Soldiers of the 761st Tank Battalion

American Flag

William Scott III & Leon Bass. Black G.I.'s during WWII
Photo by William Scott III
Portions of the bio excerpted from "A Journey Into 365 Days of Black History"

The Public television documentary "The Liberators: Fighting on Two Fronts in World War II" was first aired on November 11, 1993 following a gala opening at Harlem's Apollo Theater. The film, which attempted to show that blacks had liberated Jews from concentration camps at Dachau and Buchenwald, featured

surviving soldiers visiting the former camps and attending a reunion with people they had rescued. However after close scrutiny by military associations, the American Jewish Committee, and contradictory testimony by some of the soldiers, the film was withdrawn from television stations nationwide.

Critical challenges came from an article published in New Republic. But a fourteen page report by the American Jewish Committee put the controversy in clearer perspective. In its opening statement the report states: "The film claims, despite convincing evidence to the contrary, that the all black 761st Tank battalion liberated concentration camps at Buchenwald and Dachau. This serious factual error is double troubling, not only because Blacks did take part in the rescuing of Jews from Dachau and Buchenwald, but also because the 761st was involved in the liberation of Gunskirchen, a subcamp of Mauthausen, something not treated in the film." Part of the controversy was the definition was the definition of the term "liberator". According to the military, a true liberator would have had to arrive at the camp within the first fourtyeight hours of the ending of the war and/or the surrender of the German troops who guarded the camps. In reality, no one knows how soon the black troops arrived, yet it is evident they were present in parts of Germany and Austria where the concentration camps existed.

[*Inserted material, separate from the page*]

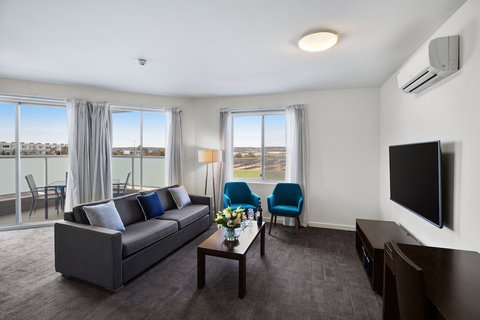 Quest Mawson Lakes - Queensland Tourism 6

New York television station WNET and the film's producers have agreed to form a panel of experts to assess the criticism and then to return the film to distribution once it is free of ambiguities and inaccuracies. The film is of great value as an educational tool. The American Jew Committee's report concludes: "The tragedy of 'The Liberators' was the void it filled and will leave again. To fill that void must be our challenge."

In my opinion the men went and did a courageous thing by standing up for a country that did not always stand up for them. And now years later, people would try to down play their accomplishments with semantics and vague military definitions. The people who were there, Jewish and Black know the real truth for they were there. And that truth will not be forgotten.